Sumario: | In Peru the agro-export boom has determined a major shift of large farmers
from traditional agro-industrial crops (coffee and cotton) to new agribusinesses
(asparagus, oranges, avocados, apples). These dynamics have left room for the small
farmers to enter the traditional agro-industrial sector, or into new niche markets as in
the case of native cotton. On the North coast of Peru the cultivation of the native and
naturally coloured cotton (Gossypium Barbadense spp. locally called algodón El País)
is part of the Moche indigenous culture (a local pre-Inca population). Since 1949
the Peruvian legal prohibition to produce native cotton, linked to the risk of genetic
contamination of the industrial white cotton cultivations, made the keeping of these
traditional varieties very difficult.
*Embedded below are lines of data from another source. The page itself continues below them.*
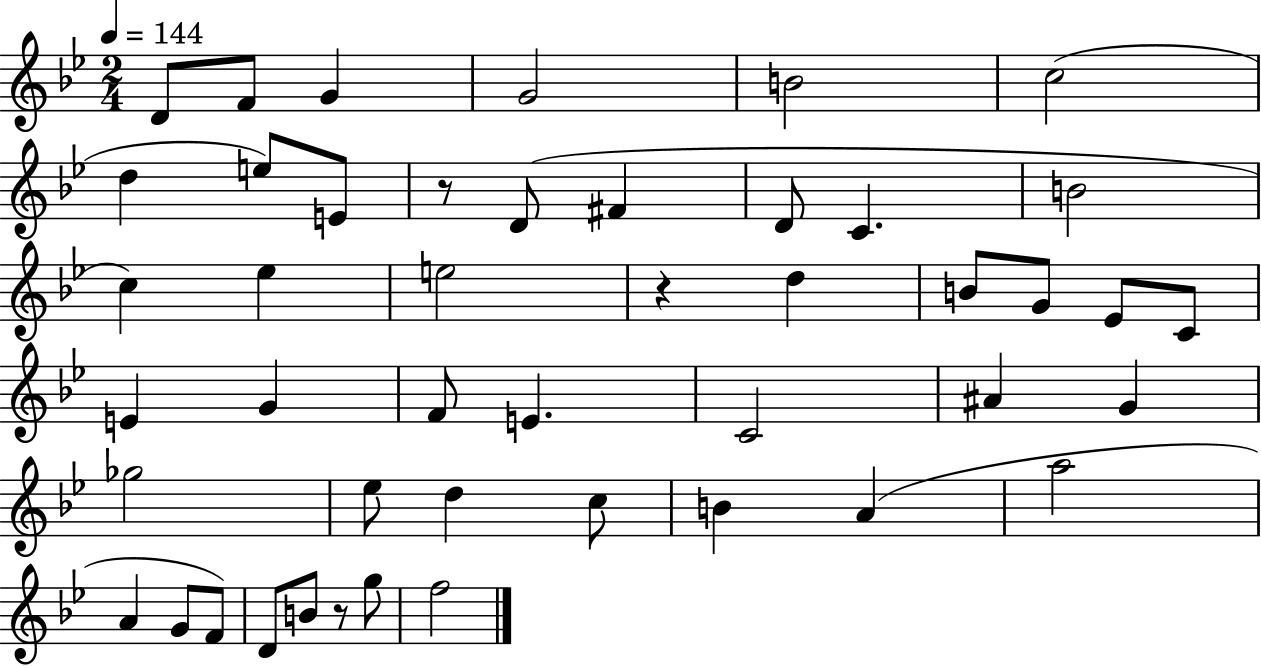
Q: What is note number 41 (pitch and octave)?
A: B4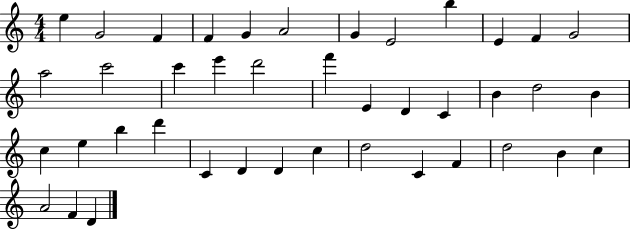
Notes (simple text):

E5/q G4/h F4/q F4/q G4/q A4/h G4/q E4/h B5/q E4/q F4/q G4/h A5/h C6/h C6/q E6/q D6/h F6/q E4/q D4/q C4/q B4/q D5/h B4/q C5/q E5/q B5/q D6/q C4/q D4/q D4/q C5/q D5/h C4/q F4/q D5/h B4/q C5/q A4/h F4/q D4/q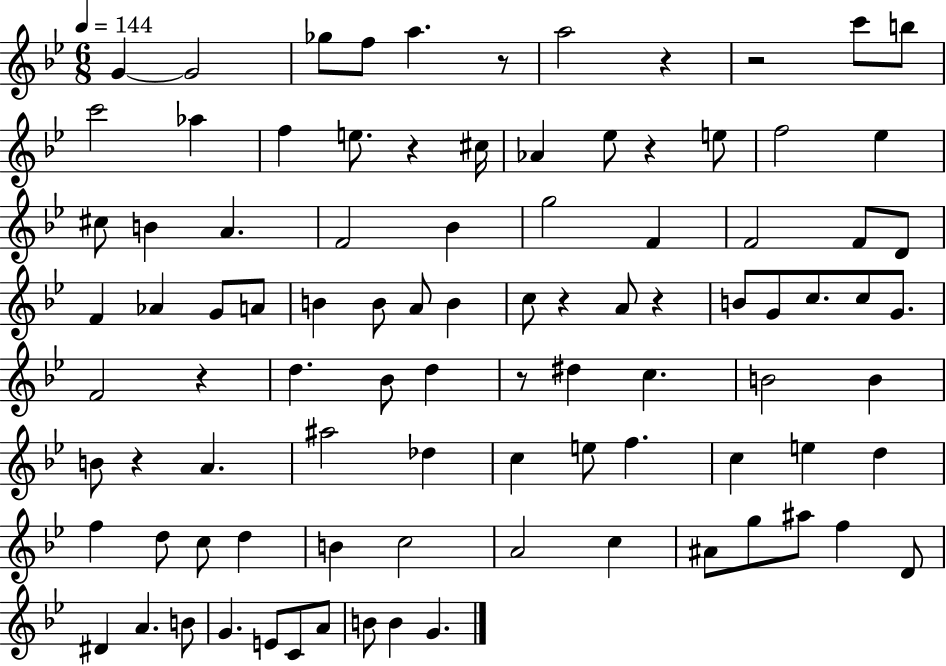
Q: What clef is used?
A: treble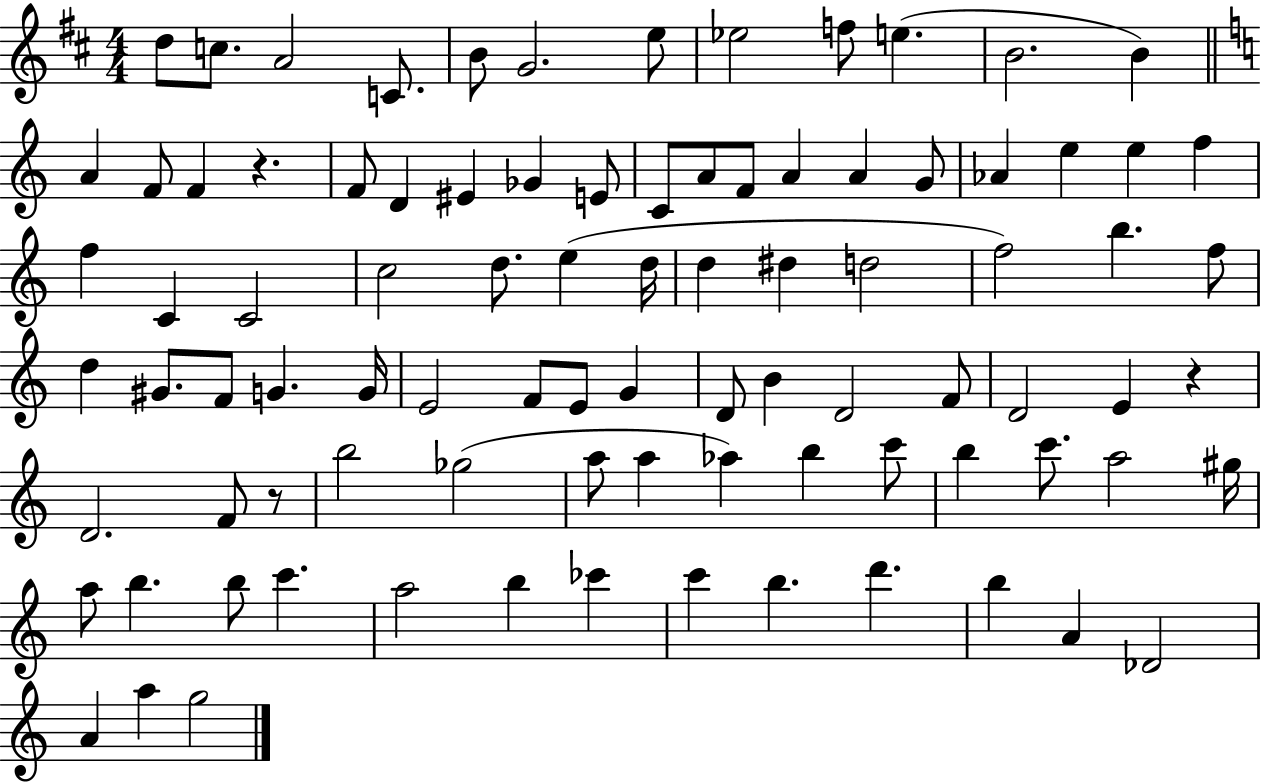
D5/e C5/e. A4/h C4/e. B4/e G4/h. E5/e Eb5/h F5/e E5/q. B4/h. B4/q A4/q F4/e F4/q R/q. F4/e D4/q EIS4/q Gb4/q E4/e C4/e A4/e F4/e A4/q A4/q G4/e Ab4/q E5/q E5/q F5/q F5/q C4/q C4/h C5/h D5/e. E5/q D5/s D5/q D#5/q D5/h F5/h B5/q. F5/e D5/q G#4/e. F4/e G4/q. G4/s E4/h F4/e E4/e G4/q D4/e B4/q D4/h F4/e D4/h E4/q R/q D4/h. F4/e R/e B5/h Gb5/h A5/e A5/q Ab5/q B5/q C6/e B5/q C6/e. A5/h G#5/s A5/e B5/q. B5/e C6/q. A5/h B5/q CES6/q C6/q B5/q. D6/q. B5/q A4/q Db4/h A4/q A5/q G5/h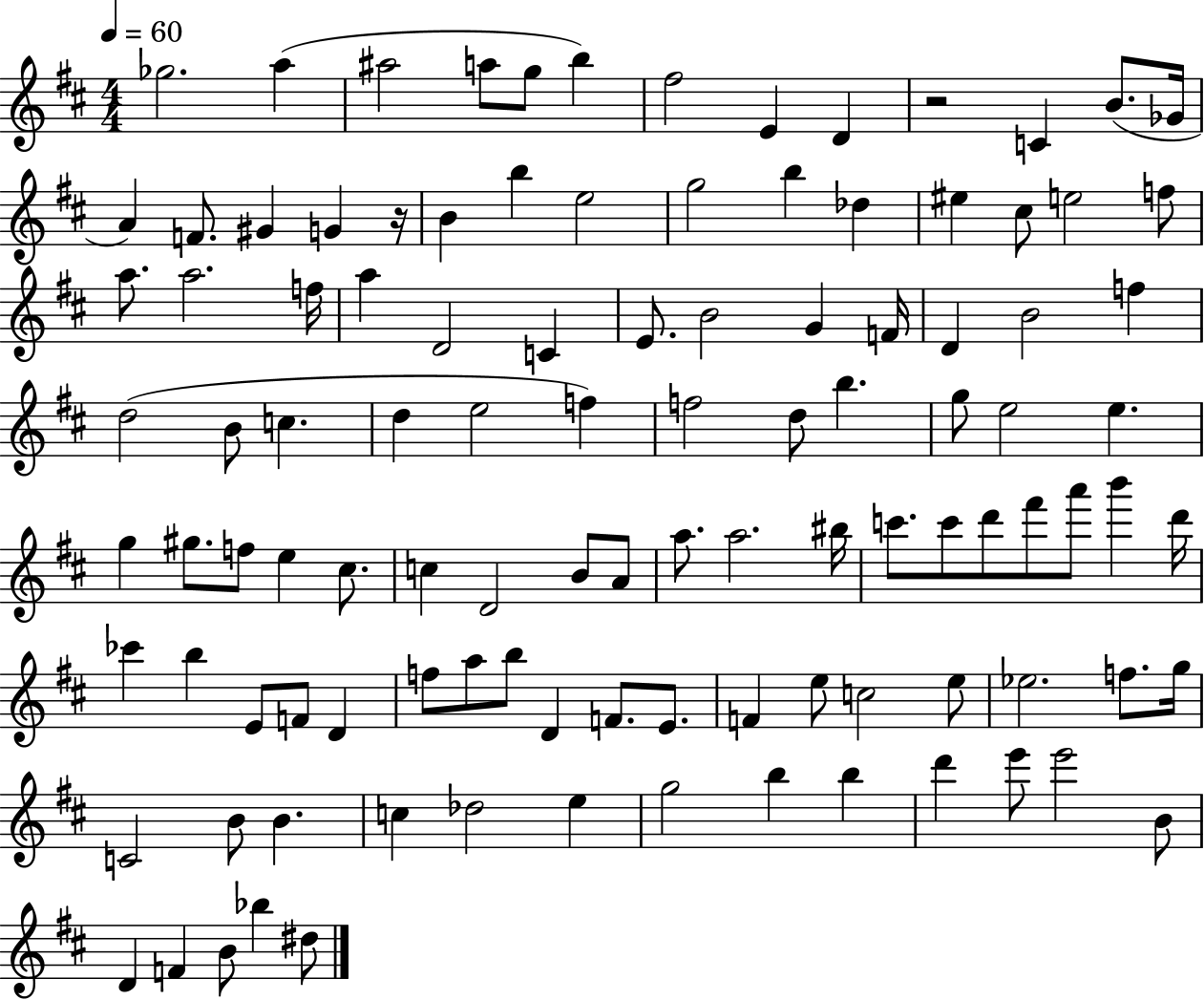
{
  \clef treble
  \numericTimeSignature
  \time 4/4
  \key d \major
  \tempo 4 = 60
  ges''2. a''4( | ais''2 a''8 g''8 b''4) | fis''2 e'4 d'4 | r2 c'4 b'8.( ges'16 | \break a'4) f'8. gis'4 g'4 r16 | b'4 b''4 e''2 | g''2 b''4 des''4 | eis''4 cis''8 e''2 f''8 | \break a''8. a''2. f''16 | a''4 d'2 c'4 | e'8. b'2 g'4 f'16 | d'4 b'2 f''4 | \break d''2( b'8 c''4. | d''4 e''2 f''4) | f''2 d''8 b''4. | g''8 e''2 e''4. | \break g''4 gis''8. f''8 e''4 cis''8. | c''4 d'2 b'8 a'8 | a''8. a''2. bis''16 | c'''8. c'''8 d'''8 fis'''8 a'''8 b'''4 d'''16 | \break ces'''4 b''4 e'8 f'8 d'4 | f''8 a''8 b''8 d'4 f'8. e'8. | f'4 e''8 c''2 e''8 | ees''2. f''8. g''16 | \break c'2 b'8 b'4. | c''4 des''2 e''4 | g''2 b''4 b''4 | d'''4 e'''8 e'''2 b'8 | \break d'4 f'4 b'8 bes''4 dis''8 | \bar "|."
}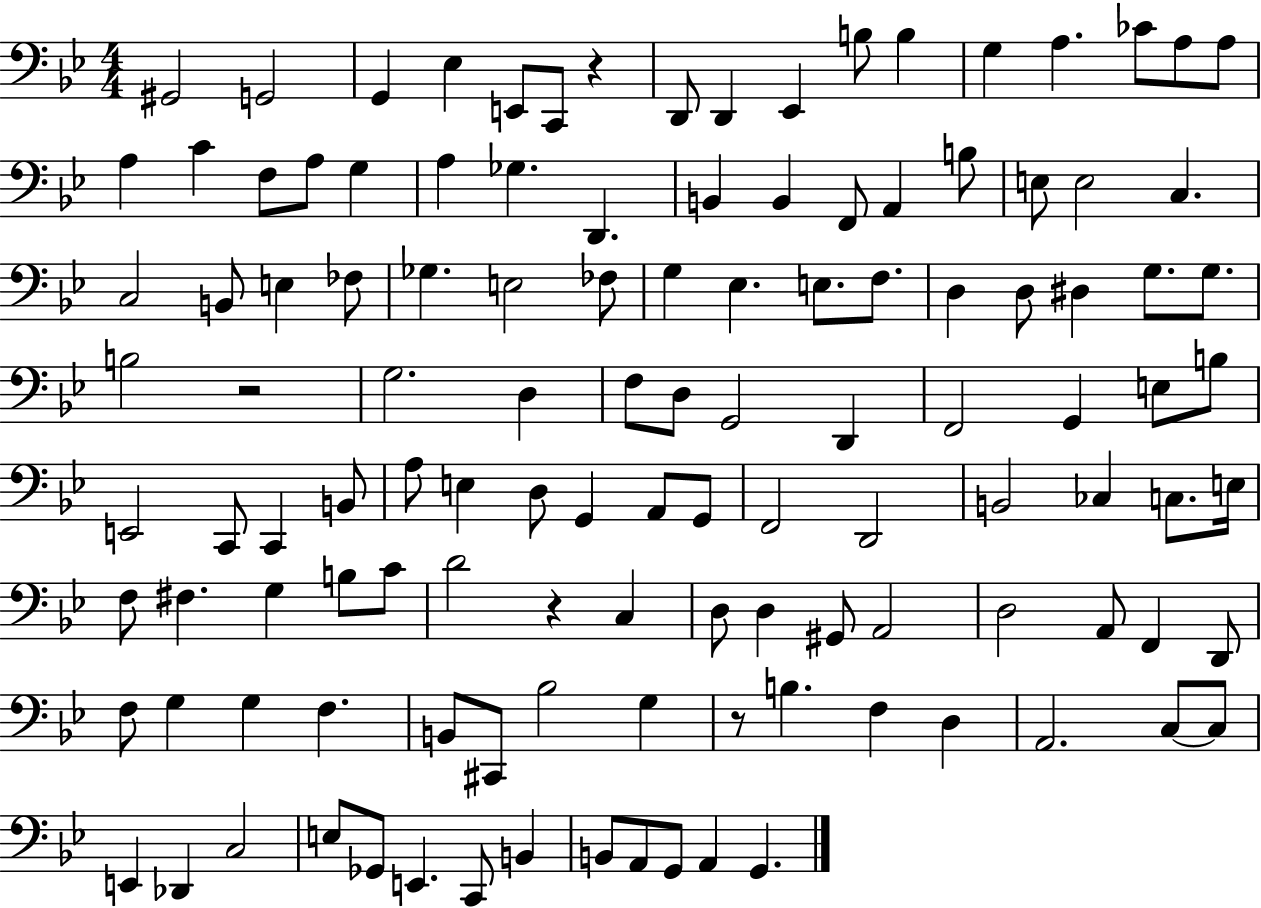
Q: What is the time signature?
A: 4/4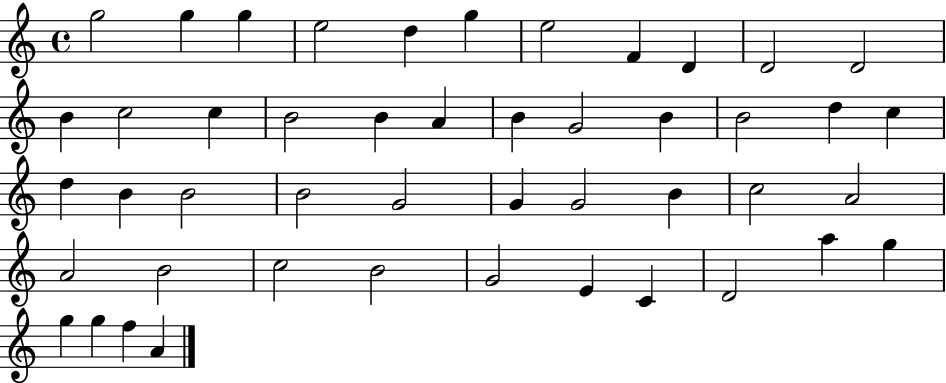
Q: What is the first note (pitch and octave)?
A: G5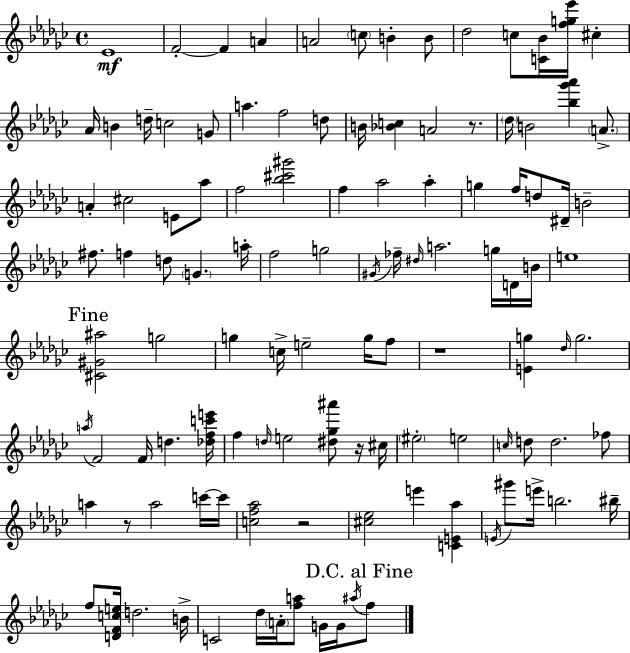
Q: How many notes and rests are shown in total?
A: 113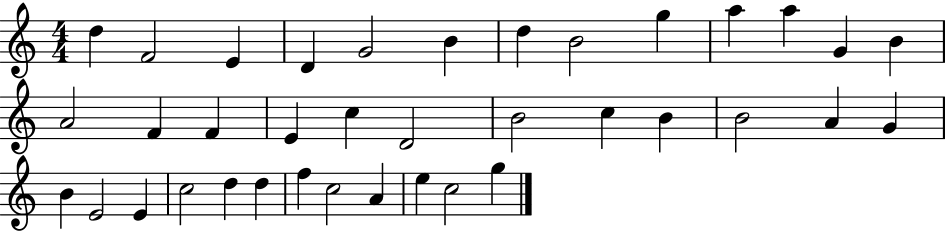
X:1
T:Untitled
M:4/4
L:1/4
K:C
d F2 E D G2 B d B2 g a a G B A2 F F E c D2 B2 c B B2 A G B E2 E c2 d d f c2 A e c2 g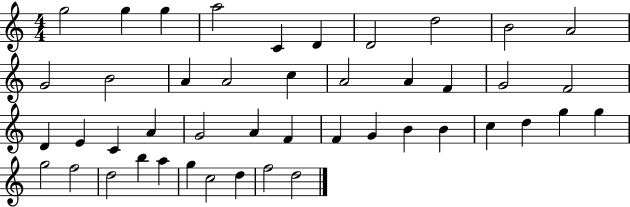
{
  \clef treble
  \numericTimeSignature
  \time 4/4
  \key c \major
  g''2 g''4 g''4 | a''2 c'4 d'4 | d'2 d''2 | b'2 a'2 | \break g'2 b'2 | a'4 a'2 c''4 | a'2 a'4 f'4 | g'2 f'2 | \break d'4 e'4 c'4 a'4 | g'2 a'4 f'4 | f'4 g'4 b'4 b'4 | c''4 d''4 g''4 g''4 | \break g''2 f''2 | d''2 b''4 a''4 | g''4 c''2 d''4 | f''2 d''2 | \break \bar "|."
}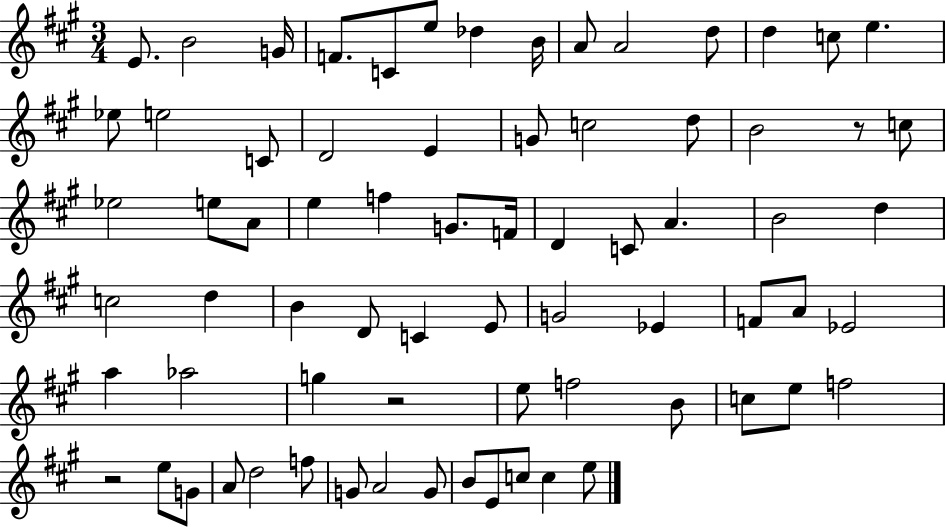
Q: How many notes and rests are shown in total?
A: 72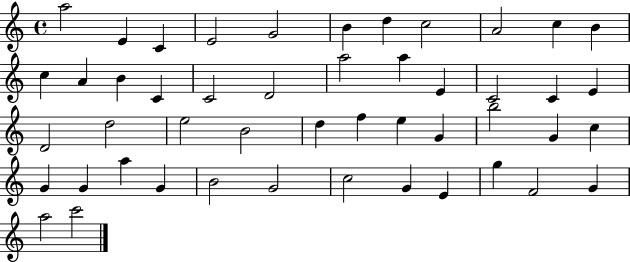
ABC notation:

X:1
T:Untitled
M:4/4
L:1/4
K:C
a2 E C E2 G2 B d c2 A2 c B c A B C C2 D2 a2 a E C2 C E D2 d2 e2 B2 d f e G b2 G c G G a G B2 G2 c2 G E g F2 G a2 c'2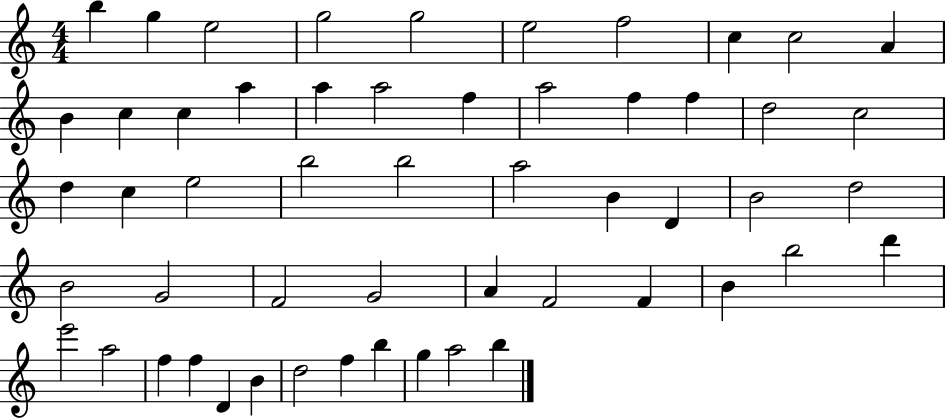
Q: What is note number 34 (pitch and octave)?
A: G4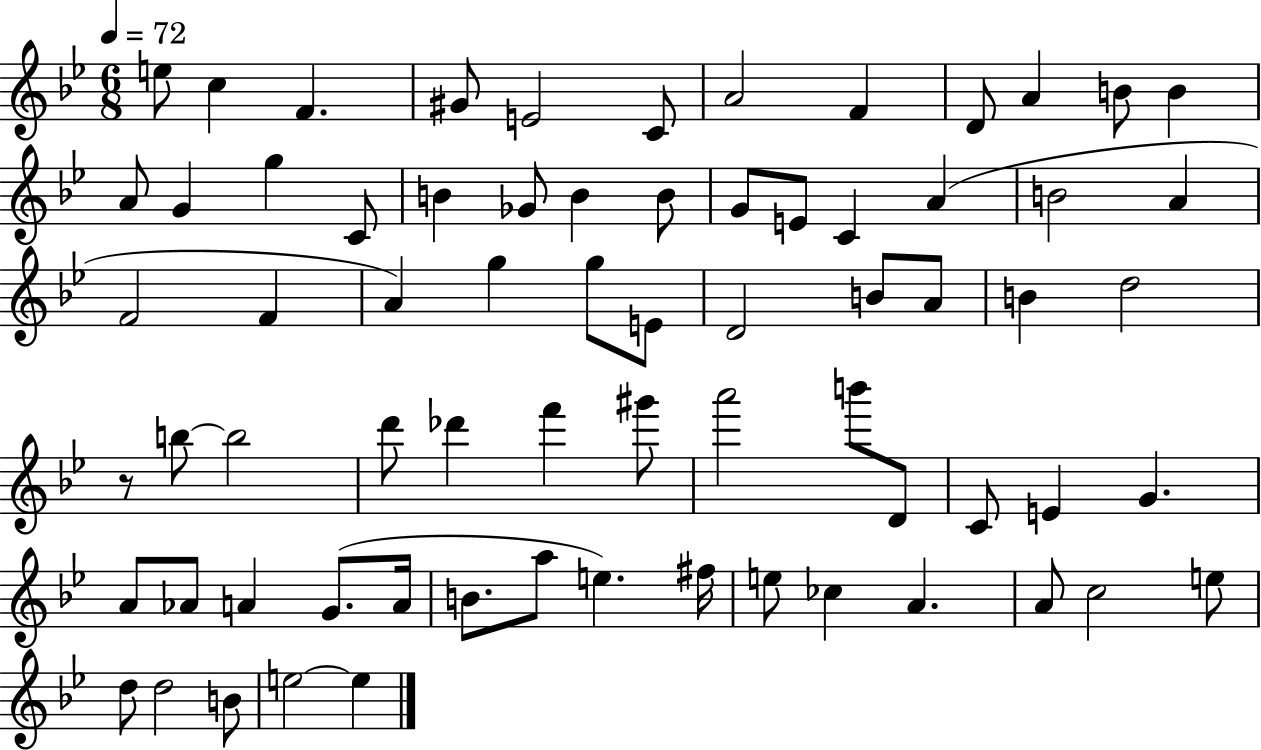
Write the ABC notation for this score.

X:1
T:Untitled
M:6/8
L:1/4
K:Bb
e/2 c F ^G/2 E2 C/2 A2 F D/2 A B/2 B A/2 G g C/2 B _G/2 B B/2 G/2 E/2 C A B2 A F2 F A g g/2 E/2 D2 B/2 A/2 B d2 z/2 b/2 b2 d'/2 _d' f' ^g'/2 a'2 b'/2 D/2 C/2 E G A/2 _A/2 A G/2 A/4 B/2 a/2 e ^f/4 e/2 _c A A/2 c2 e/2 d/2 d2 B/2 e2 e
Nevertheless the situation has totally changed since
2008 due to Regulation n° 29224 declaring native cotton as a genetic, ethnic and cultural
heritage of the country. This study analyses the economic feasibility of re-inserting the
native cotton as part of the agricultural production of 50 farmers on the North coast of
Peru, proposing a farm economic data analysis, scenario analysis and sensitivity analysis
based on OFAT (One Factor at A Time) methodology: the results attest that in all the
productive scenarios proposed (10%, 25% and 50% of the farm agricultural surface
growing native cotton) the average farm incomes are going to increase. Moreover the
sensitivity analysis attests that also in the worst conditions of a 10% decrease in the
native cotton price, the average farm incomes with native cotton are higher compared to
the business as usual scenario in all three productive scenarios proposed.